With the loss of full access to the single market, financial services firms were forced to make significant changes if they were to continue to do business in the European Economic Area (EEA). With the original cut-off date set for March 2019, UK-based financial services businesses began arranging to set up new entities and shift staff, assets, risk management capabilities, and investment services from the UK to other EU member states. Some 500 firms in banking and finance in the UK relocated part of their business, or set up new entities in the EU, according to Brexit & The City: The Impact So Far, a report by London-based think tank New Financial, and many of those firms favoured Germany, Ireland, France, the Netherlands and Luxembourg.

For Scotiabank, Ireland was the obvious choice for its EU business, Nicola Vavasour, CEO, Scotiabank Ireland, says. “We’ve had a presence in Ireland since 1966, and it made sense to leverage the platform and banking licence we already had.”
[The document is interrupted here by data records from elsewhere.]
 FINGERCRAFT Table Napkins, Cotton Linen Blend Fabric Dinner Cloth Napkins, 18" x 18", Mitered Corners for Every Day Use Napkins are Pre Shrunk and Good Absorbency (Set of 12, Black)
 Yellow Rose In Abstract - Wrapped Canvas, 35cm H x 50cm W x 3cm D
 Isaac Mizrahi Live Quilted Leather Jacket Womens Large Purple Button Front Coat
Photo: Nicola Vavasour, CEO, Scotiabank Ireland

Scotiabank’s EU business includes trading in Debt Capital Markets, European Government Bond Trading, Collateral Management & Funding, Corporate Derivatives, and Foreign Exchange activity, as well as some presence in Equities with Prime Services.

“What differentiates Scotiabank when we present our product line is its America’s strategy. Our clients have come to rely on Scotiabank for our unique Americas footprint and the access we can provide them into those markets,” says Pauline Donohoe, Managing Director and Head, Capital Markets, EEA for Scotiabank. “We work to ensure we offer our whole bank to our clients, providing access between Europe and the Americas.”
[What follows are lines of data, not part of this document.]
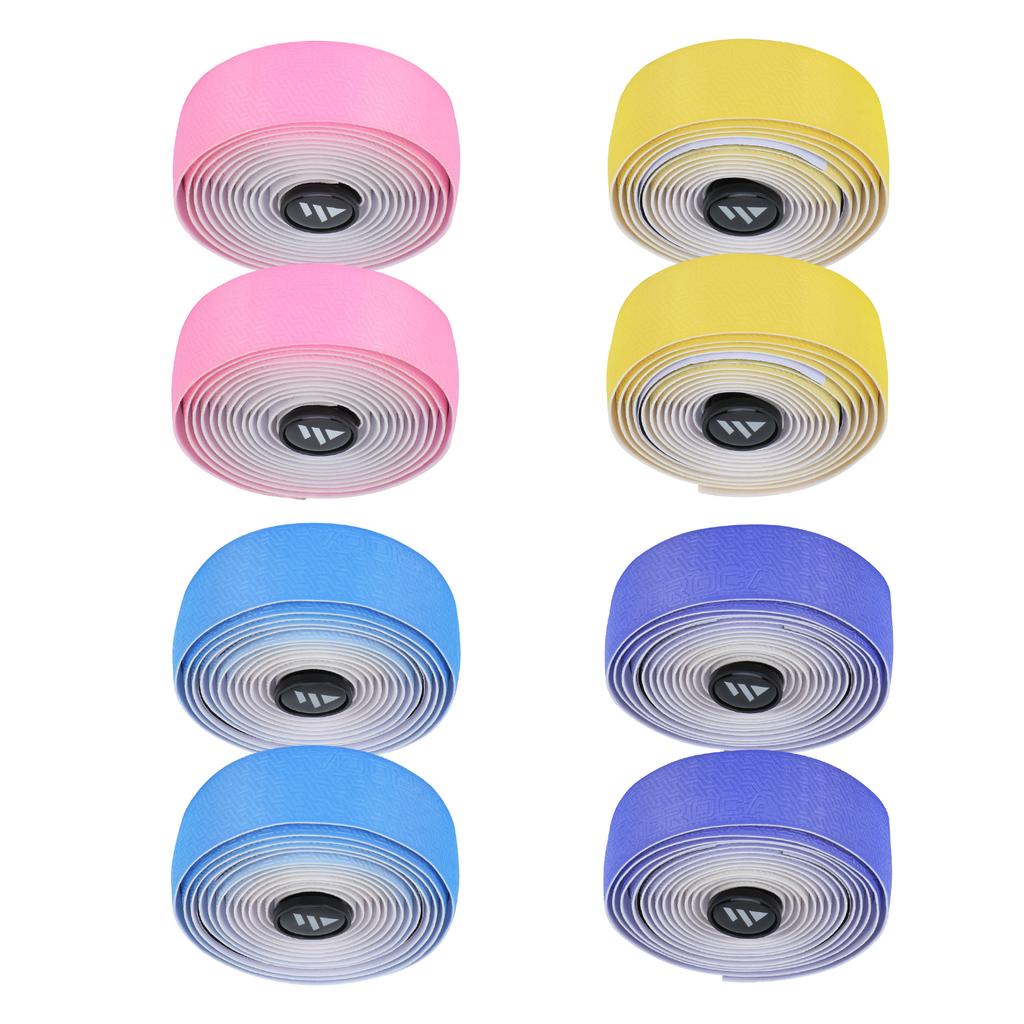 Road Bike Z-pattern Dual-color Gradient Handlebar Tape with Plugs Shock-absorbing Comfortable for Ri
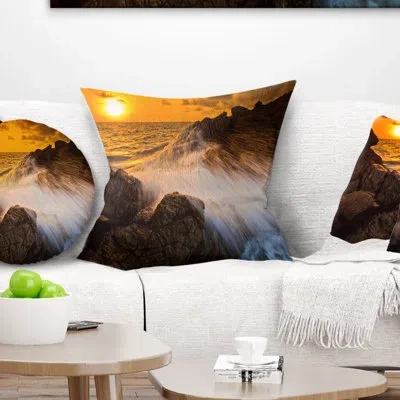 Design Art Seascape Sunset Sea Wave Impact Rocks At Sunset Pillow In Blue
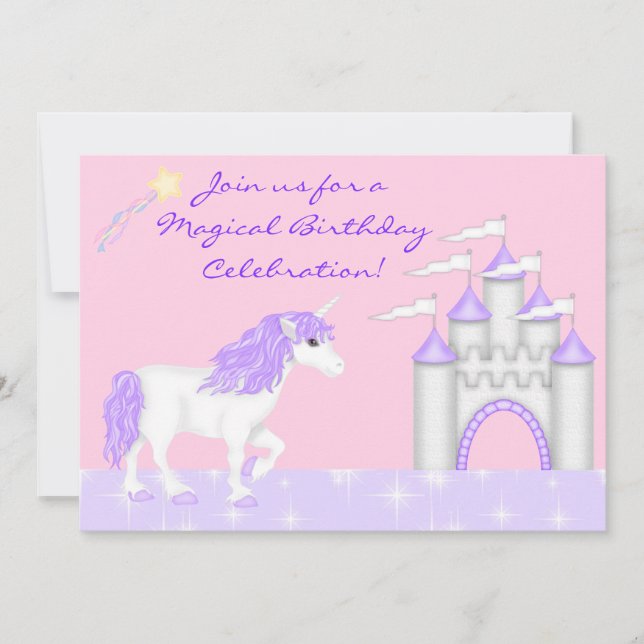Magical Fantasy Unicorn Girl's Birthday Invitation (Front)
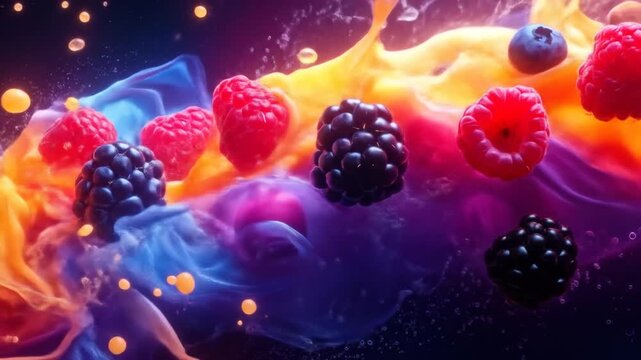 Colorful fruit splash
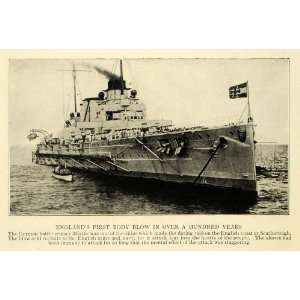  1915 Print German Naval Battleship Moltke WWI Scarborough 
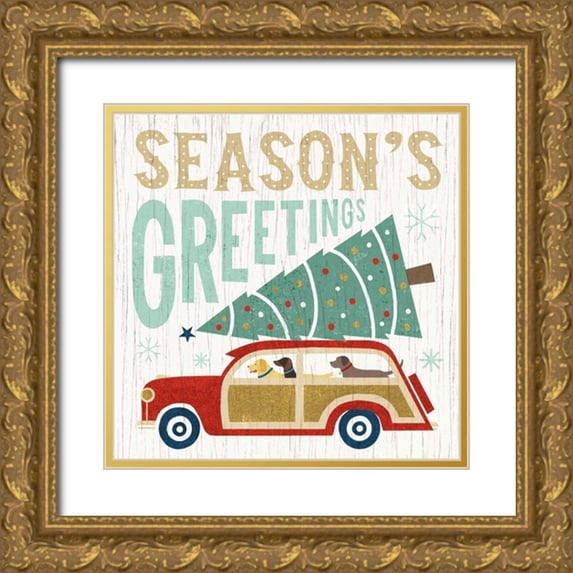 Mullan, Michael 12x12 Gold Ornate Wood Framed with Double Matting Museum Art Print Titled - Holiday on Wheels II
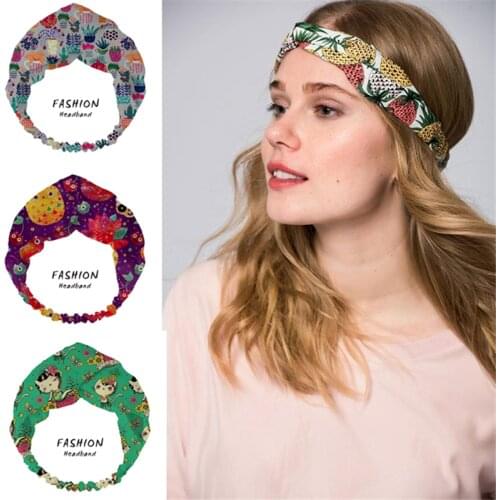 2021 Women Plants Bandanas HairBands Turban Headwear Head Wrap Women Hair Accessories for Women girls Hair Bands ladies Hoop
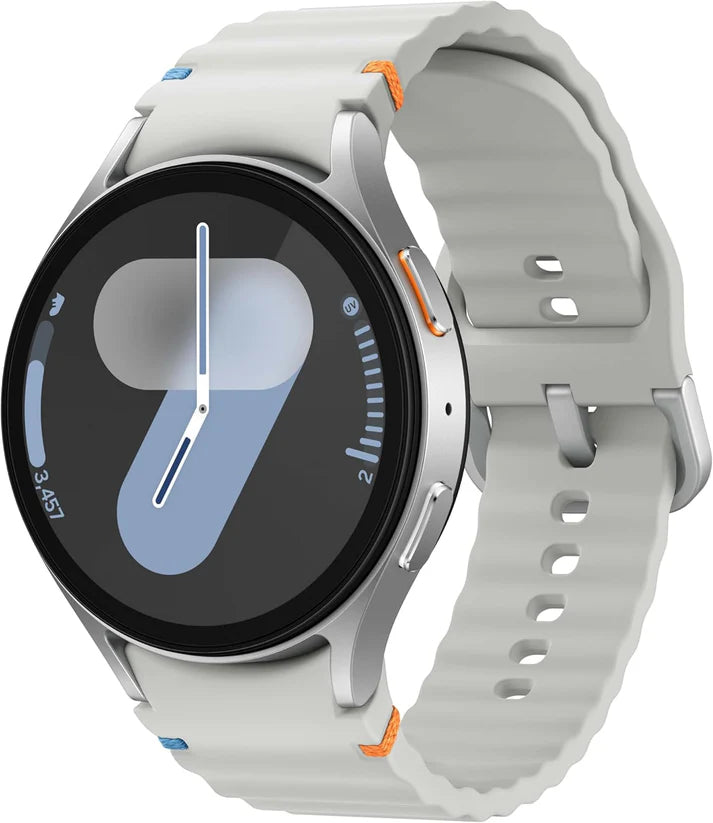 Smart Watch7 : 44mm Silver, Bluetooth + LTE | AI-Powered Smartwatch with Health Tracking | Dual GPS & Heart Monitor | 1-Year Warranty|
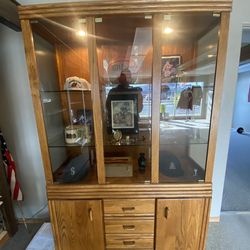 Display Cabinet Solid Oak Lighted 2 Pieces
More than a quarter of the financial services firms that moved their EU business out of the UK relocated to Dublin, according to an article in The Irish Times. Aside from it being the only other English-speaking country in the EU, Ireland offers a business-friendly environment, a highly educated workforce, and currently the third lowest tax rate in the EU. In addition, the Common Travel Area arrangement between Ireland and the UK allows British citizens to live and work in Ireland without restrictions.

Pre-Brexit, Scotiabank had access into Europe through both Dublin and London. Scotiabank (Ireland) Designated Activity Company, or SIDAC, was primarily focused on Treasury Investments and Corporate Lending, while the Bank’s London operations primarily handled Corporate & Investment Banking and Capital Markets products and services for the Bank’s UK and European clients, working with teams across its global footprint.

“We are now the primary relationship manager for all EEA clients for the Bank, but we use the global operating model, leveraging Scotiabank’s product and industry specialists across our entire footprint,” Vavasour said.

Pivoting the EEA Capital Markets business to SIDAC was a massive undertaking that took about a year, said Vavasour, who credits collaboration from groups across Scotiabank’s global footprint for making it possible. “Dublin and London were the primary teams involved but we received great support from New York and Toronto and even further afield,” she said.

To ensure a smooth transition the team set up strong governance structures and undertook a review of clients and products to determine what its clients needed and wanted. One of the more detailed processes was with the Bank’s Irish regulator, the Central Bank of Ireland, for the Capital Markets application, Vavasour said, while noting it was somewhat eased by the fact the Bank already had a strong governance framework in place and a long history in Ireland.


Photo: Pauline Donohoe, Managing Director and Head, Capital Markets, EEA for Scotiabank

The approval was granted at the end of September 2021 and the Bank’s new Dublin Capital Markets team executed its first trade on Oct. 15. Business is gradually scaling up, Donohoe said, as the team gets to work. She expects the business will see steady growth in clients and revenues.

“Thanks to the efforts of many teams across Scotiabank, this has been a smooth transition that enables us to continue to support our clients, facilitating investment flows between Europe and the Americas,” says Peter Heidinger, Managing Director and Head of Global Banking and Markets Europe for Scotiabank.